Victor Lee: Delivering Smarter AI with Analytical Graph Databases, Data Lakes, and Data Warehouses (Sponsored by TigerGraph) (30 minutes) – 11:20am PT | 2:20pm ET | 6:20pm UTC/GMT
- Today’s analytical graph databases are taking organizations to another level by connecting all their data across data lakes and data warehouses, representing knowledge better, and obtaining answers to questions in real time. These benefits also extend to the world of machine learning and AI. Victor Lee demonstrates how graph databases and graph analytics, in conjunction with data lakes and warehouses, can deliver smarter AI, including unsupervised ML with graph algorithms, in-database ML techniques for graphs, and ML feature extraction and enrichment with graph patterns.
- Victor Lee is head of product strategy and developer relations at TigerGraph. He brings a strong academic background, decades of industry experience, and a commitment to quality and service. Victor was a circuit designer and technology transfer manager at Rambus before returning to school for his computer science PhD, where he focused on graph data mining. Before TigerGraph, he was a visiting professor at John Carroll University.
- This session will be followed by a 30-minute Q&A in a breakout room. Stop by if you have more questions for Victor.
- Break (5 minutes)
Barr Moses and Ryan Kearns: Data Observability—How to Build More Reliable Data Warehouses & Lakes – 11:55am PT | 2:55pm ET | 6:55pm UTC/GMT
- From null values and duplicate rows to modeling errors and schema changes, data can break for millions of reasons. To combat this, data teams are increasingly adopting best practices from DevOps and software engineering to identify, resolve, and even prevent this “data downtime” from happening in the first place. The solution? Data observability. Join Barr Moses and Ryan Kearns as they pull back the curtain on this emerging new approach and show you how to “travel through time” to build your own data observability monitors for your data environment.
- Barr Moses is the CEO and co-founder of Monte Carlo, a data reliability company. In her decade-long career in data, Barr has served as commander of a data intelligence unit in the Israeli Air Force, a consultant at Bain & Company, and VP of Operations at Gainsight, where she built and led their data and analytics team. Barr has worked with hundreds of data teams struggling with data reliability problems and is building a product dedicated to identifying, resolving, and preventing what she calls “data downtime,” periods of time when data is missing, erroneous, or otherwise inaccurate.

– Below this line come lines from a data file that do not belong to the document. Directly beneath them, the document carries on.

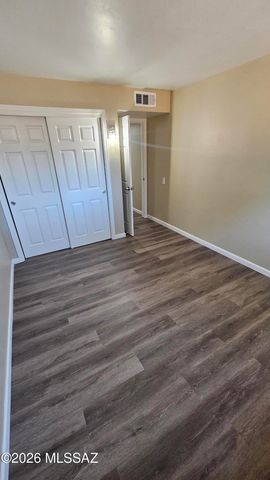 1152 S Alpine Circle, Green Valley, AZ 85614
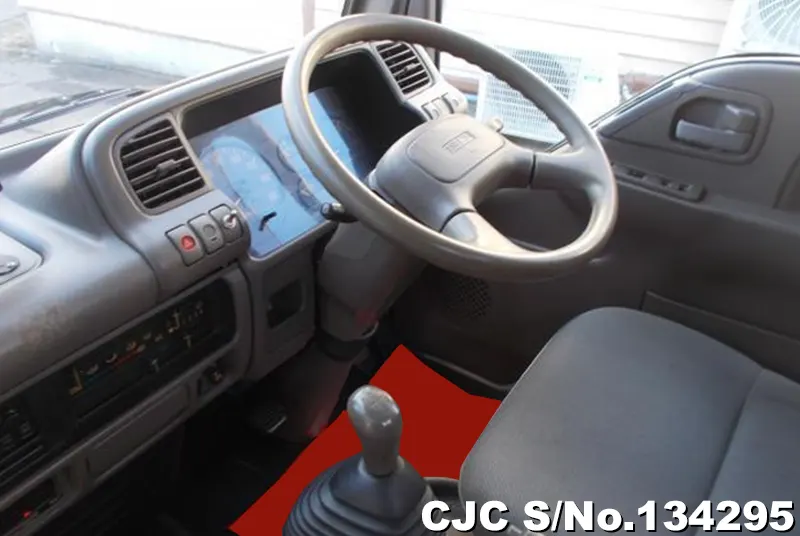 1993 Isuzu / Elf Stock No. 134295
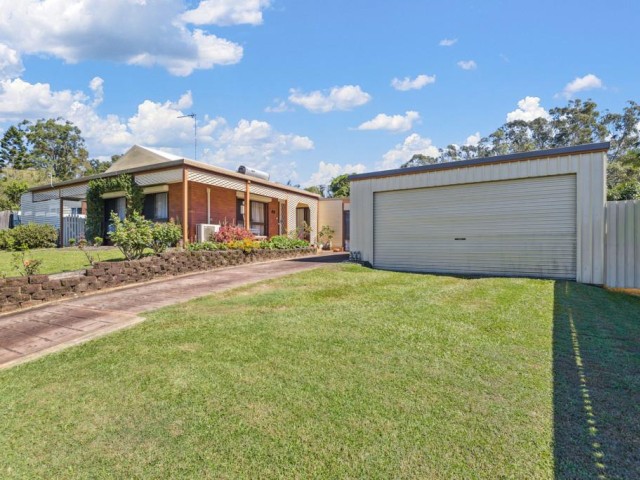 Under Application - Spacious Burnside Family Home with Huge Shed - Walk to Schools!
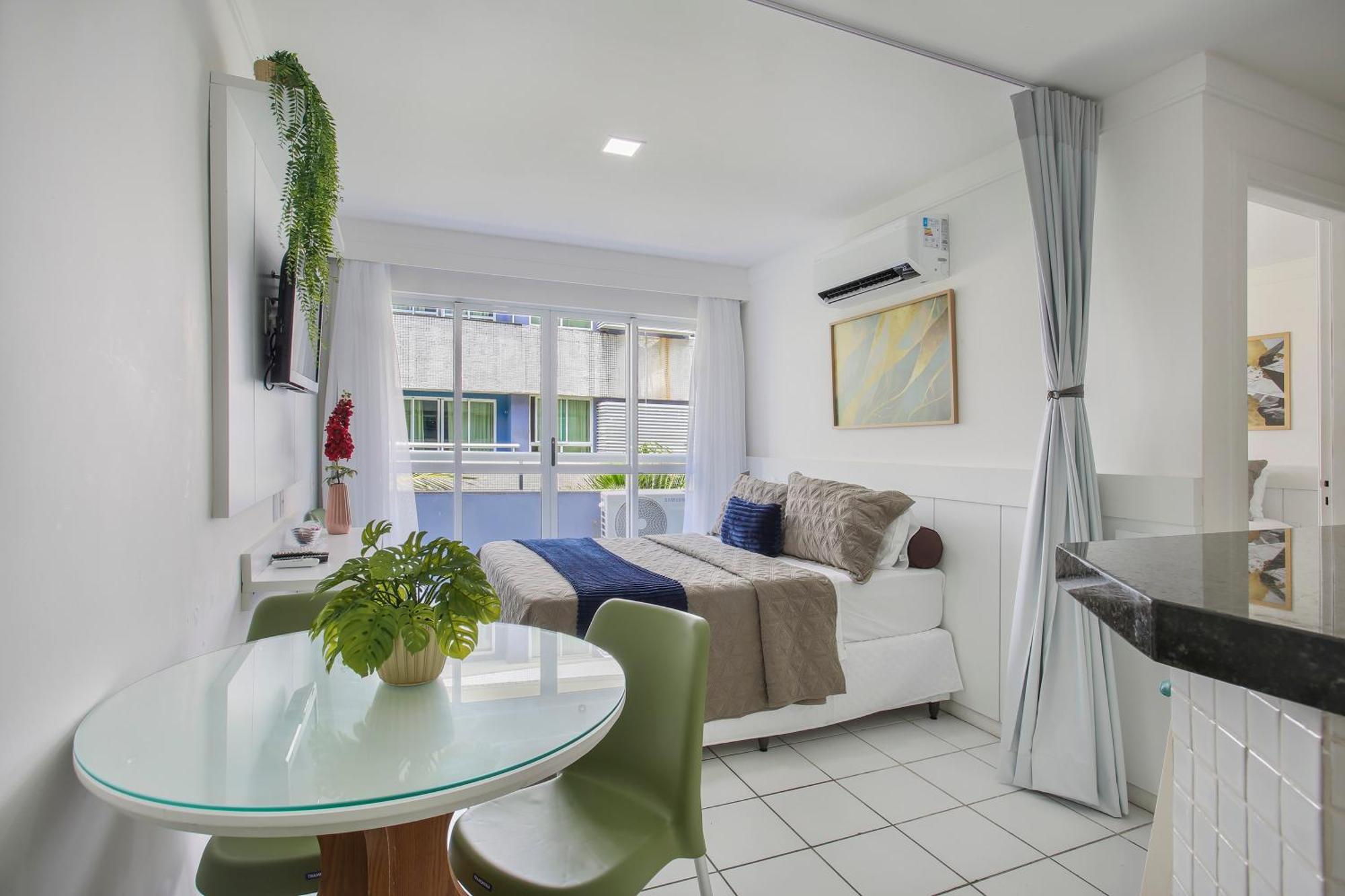 Solemar Flats: Beachfront With Exclusive Wi-fi *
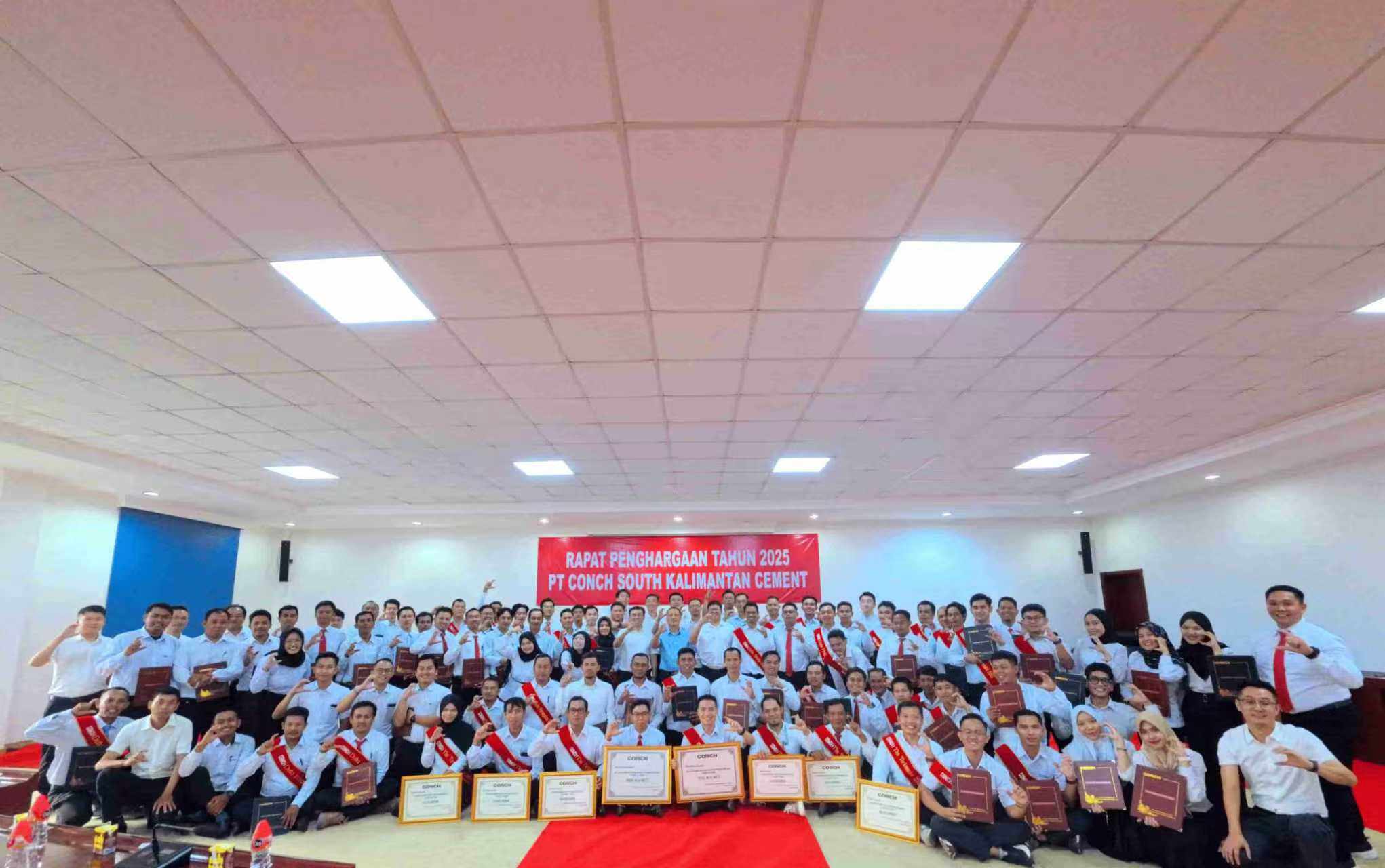 Penghargaan Tahunan Perusahaan dan Pengangkatan Jabatan Supervisor Karyawan PT Conch South Kalimantan Cement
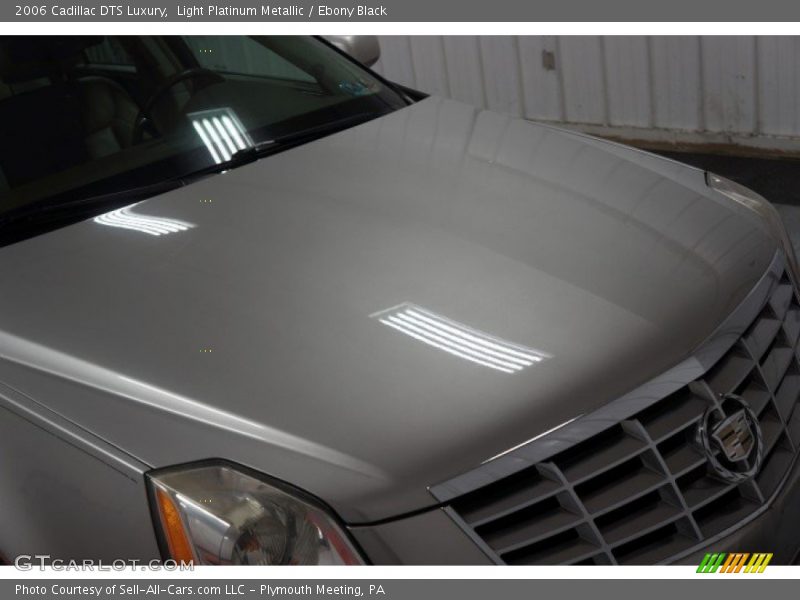 Light Platinum Metallic / Ebony Black 2006 Cadillac DTS Luxury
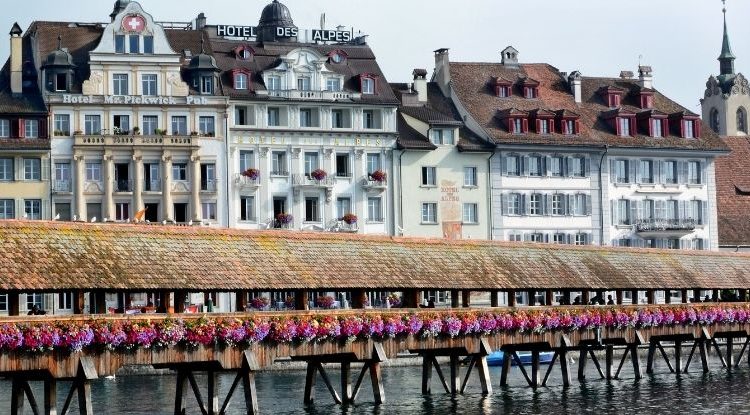 Practicas de hotelería en Suiza - cómo se pagan?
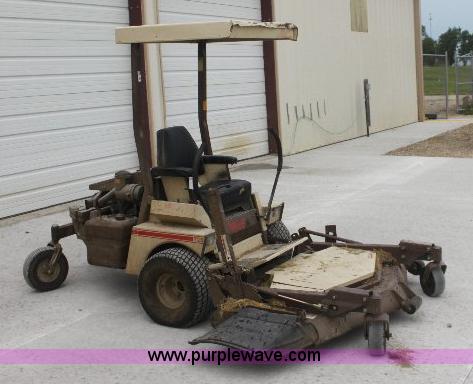 image for item 6323 Grasshopper 725 lawn mower
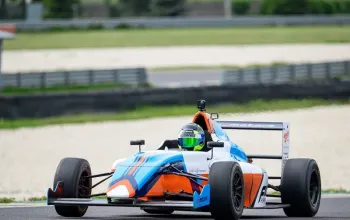 Atom Ariel vs. Formule F4 Mygale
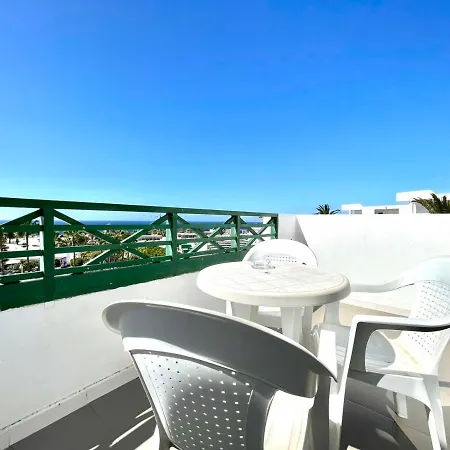 Апартаменти Apartamento En Playa Chica Пуерто-дель-Кармен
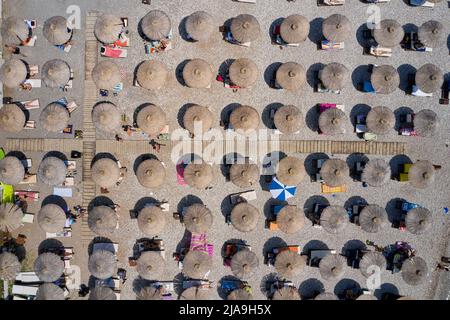 Luftaufnahme von Strohschirmen am Strand in Montenegro Stockfoto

- Ryan Kearns is a founding data scientist at Monte Carlo, where he develops machine learning algorithms for the company’s data observability platform. Together with Barr Moses, he instructed the first ever course on data observability and authored Monte Carlo’s Data Observability in Practice blog post series, the first tutorial on the subject using out-of-the-box SQL. He’s also studying computer science and philosophy at Stanford University. When not coding or philosophizing, you can usually find him on a run or planning his next road trip.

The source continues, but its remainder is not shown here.